According to Vice’s Motherboard, an anonymous Microsoft contractor was able to offer recordings, that tend to vary in length from 5–10 seconds, however, they aren’t restricted to that, of people using Skype’s translation feature. To help Microsoft improve the feature’s capabilities, these contractors listen to what users have said and select from a list of possible translations or, in some cases, provide their own.

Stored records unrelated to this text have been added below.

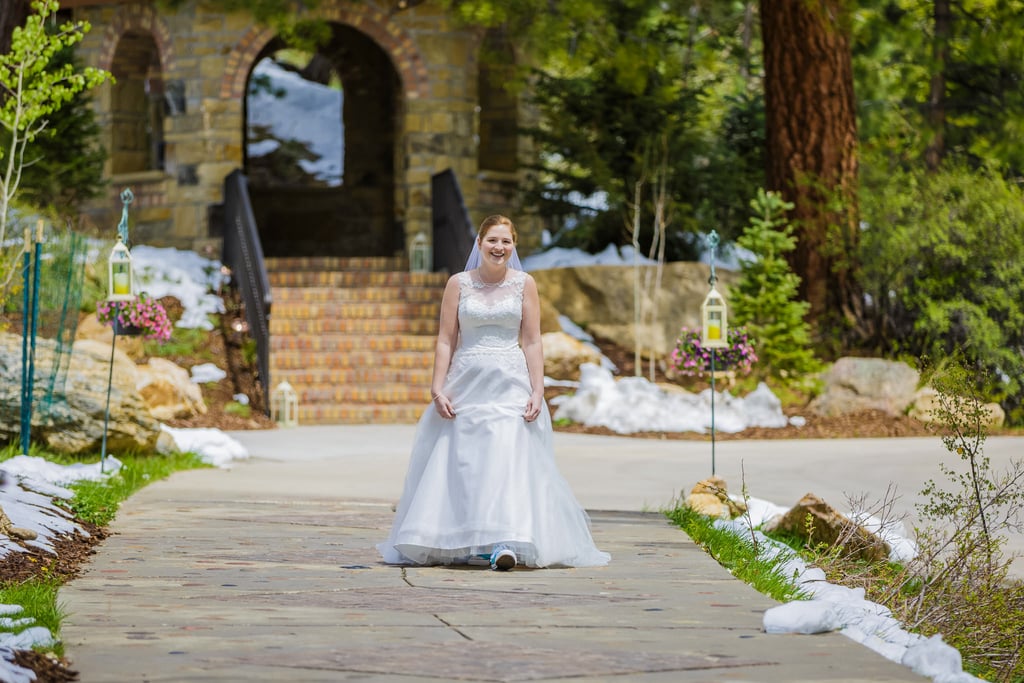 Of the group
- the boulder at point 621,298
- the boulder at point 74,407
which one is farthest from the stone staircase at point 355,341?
the boulder at point 74,407

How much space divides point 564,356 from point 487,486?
36.6ft

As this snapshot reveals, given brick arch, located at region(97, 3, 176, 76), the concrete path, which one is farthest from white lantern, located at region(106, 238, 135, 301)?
brick arch, located at region(97, 3, 176, 76)

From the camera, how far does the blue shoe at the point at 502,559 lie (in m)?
6.81

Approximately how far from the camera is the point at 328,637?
512cm

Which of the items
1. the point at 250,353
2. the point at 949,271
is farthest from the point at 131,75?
the point at 949,271

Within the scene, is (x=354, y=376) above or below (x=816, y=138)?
below

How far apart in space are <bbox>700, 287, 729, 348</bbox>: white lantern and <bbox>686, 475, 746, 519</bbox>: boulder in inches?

When asked regarding this setup, Microsoft representatives told Motherboard that the corporate makes these recordings accessible through a secure online portal and that it takes steps, not described, to remove any associated information that could be used to recognize a user after the fact. However, that doesn’t stop individuals from revealing data about themselves (like their address) when talking to a digital assistant like Cortana, and it doesn’t seem as if there’s any setup in place to prevent Microsoft’s contractors from analyzing that kind of spoken data.
According to a statement Microsoft provided to Motherboard:
“Microsoft collects voice data to provide and improve voice-enabled services like search, voice commands, dictation or translation services. We strive to be transparent about our collection and use of voice data to ensure customers can make informed choices about when and how their voice data is used. Microsoft gets customers’ permission before collecting and using their voice data. We also put in place several procedures designed to prioritize users’ privacy before sharing this data with our vendors, including de-identifying data, requiring non-disclosure agreements with vendors and their employees, and requiring that vendors meet the high privacy standards set out in European law. We continue to review the way we handle voice data to ensure we make options as clear as possible to customers and provide strong privacy protections.”
Microsoft’s practices are very common, and this is not the first report of this sort. Many apps that use our voices to supply convenient services need to be trained somehow, and most of the time computers can’t train themselves. There are generally humans involved somewhere, somehow along the way. Apple, Amazon, and Google faced identical criticisms after it was reported that each used human reviewers and transcribers to enhance their respective Siri, Alexa, and Google Assistant services, prompting concerns that their recordings of users’ requests and private conversation, some including confidential medical information, were being listened to by human ears, too.
Apple and Google temporarily suspended its contractor review and analysis practices. Amazon changed its policy to explicitly say that humans might review Alexa recordings and to provide a way for users to opt-out. The revelation concerning Skype, though, is particularly concerning because person-to-person Skype calls are way more likely to be sensitive than an Alexa or Siri request—though those clearly can be sensitive, too.